Bei genauerem Hinsehen entdecken wir, dass der heilige Schein trügt. Nicht alle Feierlustigen sind in christlicher Mission unterwegs. Ein Kamerateam von tv Total offenbart bei einer Umfrage in der Kölner Innenstadt Unglaubliches – oder eher Ungläubiges:
»Warum bist du beim Weltjugendtag?«, fragt der Reporter.
Der Junge mit verspiegelter Sonnenbrille und weißer Basecap tritt von einem Bein aufs andere. »Party«, nuschelt er.
»Nur Party?«
Ein angedeutetes Grinsen huscht über sein Gesicht. »Weiber.«
»Ach, und sonst?«
»Ganz viele Weiber.«
»Und was ist mit Gott?«
»Gott ist korrekt. Aber der Papst«, er schüttelt den Kopf und zieht dann eine Schnute, »... ach, scheiß drauf.«
Geht es beim Weltjugendtag tatsächlich um Frömmigkeit, oder nur um Fromms? Wir mischen uns unter die Gläubigen und treffen einige Jugendliche, die freiwillig Kondome unter den Pilgern verteilen. Ein Akt der Barmherzigkeit, der zwar nicht mit den Geboten des Papstes zu vereinbaren ist, aber dessen Ansichten scheinen für die meisten hier ohnehin nicht maßgeblich zu sein. Auch die achtzehnjährige Sara aus Rom freut sich im Lokalfernsehen über das große Schlaflager in der Sporthalle: »Da dürfen Jungen und Mädchen gemischt schlafen!« Das nächtliche Treiben auf den Pilgerlumas hat offenbar viel mit Nächstenliebe, aber nichts mit katholischem Lifestyle zu tun. Wer denkt hier in diesen Tagen bei dem freudigen Ausruf »Oh, Gott!« wirklich an den Allmächtigen?

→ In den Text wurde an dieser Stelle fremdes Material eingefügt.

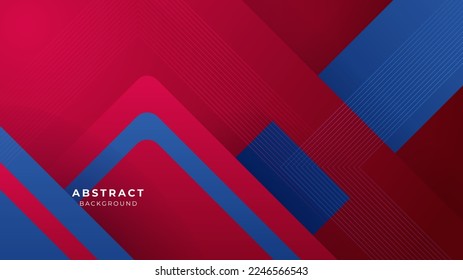Abstract blue red banner geometric shapes geometric light triangle line shape with futuristic concept presentation background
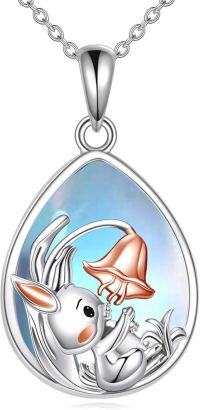 wholesale 925 Sterling Silver Teardrop Shape Blue Moonstone Rabbit Bell Pendant Necklace-bunny necklace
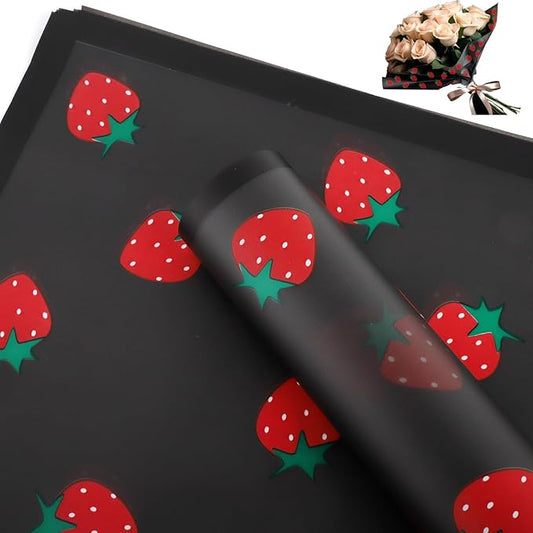HLTOO 20 Sheets Flower Wrapping Paper, Bouquet Floral Packaging Paper with Strawberry Pattern, for Wedding, Party, Mother's Day, Birthday, and DIY Craft Florist Supplies (BlackBlack)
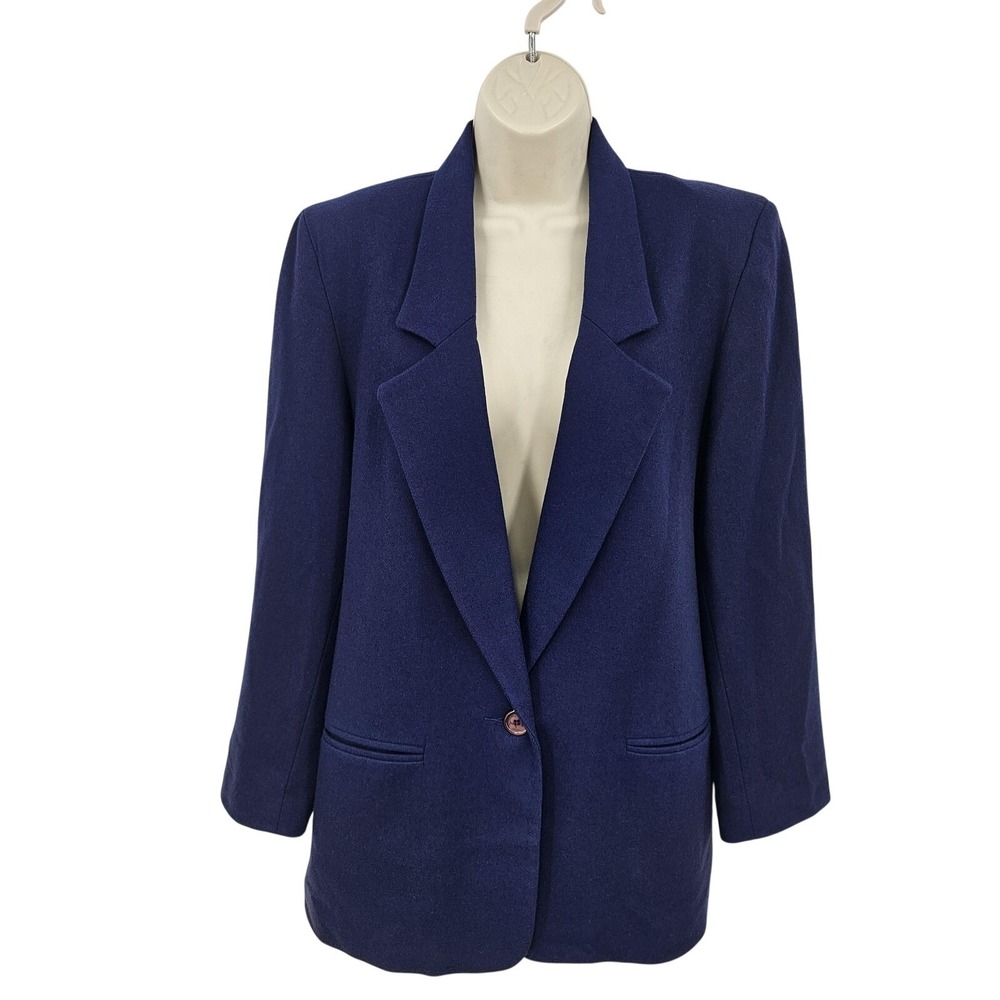 VTG Kristen Blake Blazer Jacket Women M Blue Merino Wool Lined Office‎ Work USA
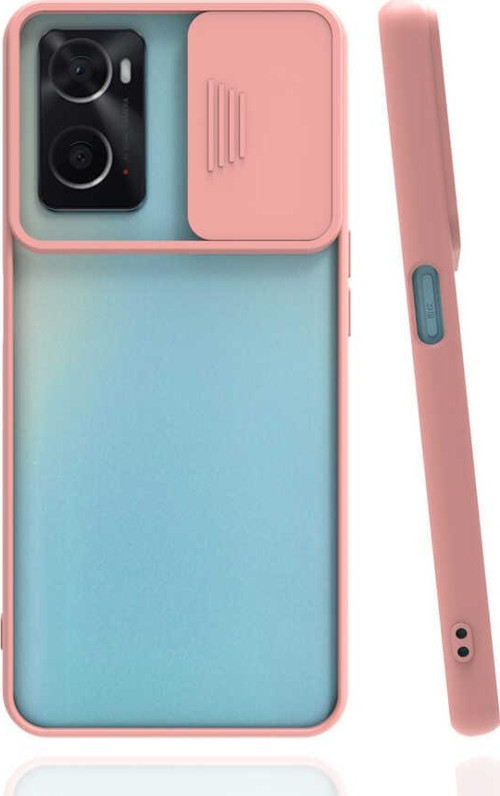 Oppo A36 Kapak Lensi Açılır Kapanır Kamera Korumalı Silikon Kılıf - Pudra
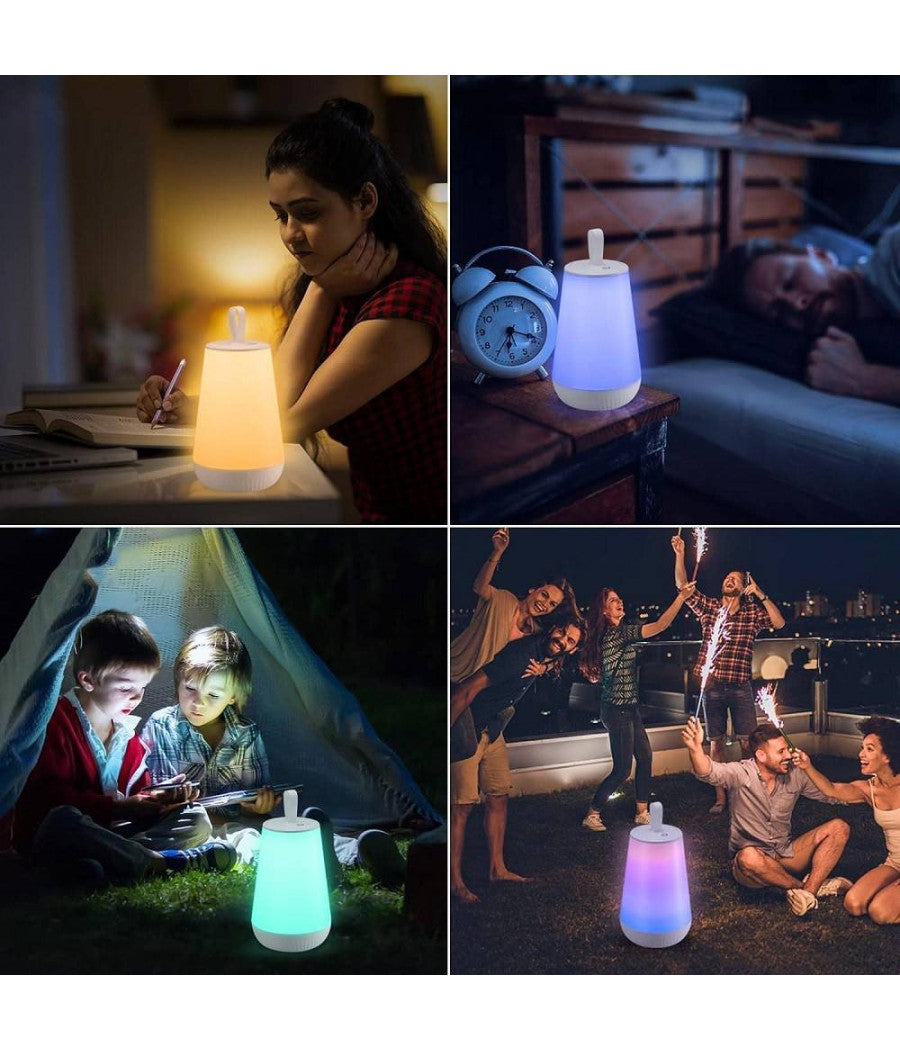 Lampada Ricaricabile Portatile Led Rgb Bambini Relax Notturna Touch Dimmerabile 3w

Im dichten Pilgerstrom des Erleuchtungsevents treffen wir später Krissy, der es mit einigen Freundinnen an diesem besonders schönen Sommertag gelungen ist, einen Blick auf eine ganz andere heilige Familie zu werfen – die Kelly Family. Das Erlebnis mit der modernen Christuskapelle genügt den Mädels offenbar. Sie entscheiden sich für Joey, aber gegen Benny. »Die Kellys waren voll süß. Und die haben auch immer so Benedetto geklatscht«, erzählt Krissy, auf deren T-Shirt der Spruch Gute Mädchen kommen in den Himmel, böse Mädchen kommen überallhin steht. Ihre Augen leuchten bei der Erinnerung ans Sakropopkonzert selig. »Den Papst gucken wir uns jetzt nicht mehr an. Wir sind voll platt.«
Der Heilige Geist war beim Weltjugendtag wohl nur Zaungast, zumindest, was die breite Masse angeht. Die Hoffnung, dass sich durch das Mega-Event eine ganze Nation und vor allem die junge Generation in die Arme der Kirche zurücktreiben lassen, war fromm gemeint, aber wenig realistisch. Die Studie Megaparty Glaubensfest kam später zu der Erkenntnis, dass die bekennenden Weltjugendtagsbesucher auch vorher schon in der Kirche aktiv gewesen waren. Unbeteiligte, die nicht zu einer kirchlichen Organisation gehörten, hatten Besseres zu tun, als sich bekehren zu lassen. Das große Revival des Glaubens war im Grunde also nicht mehr als ein kleines Dornbuschfeuer.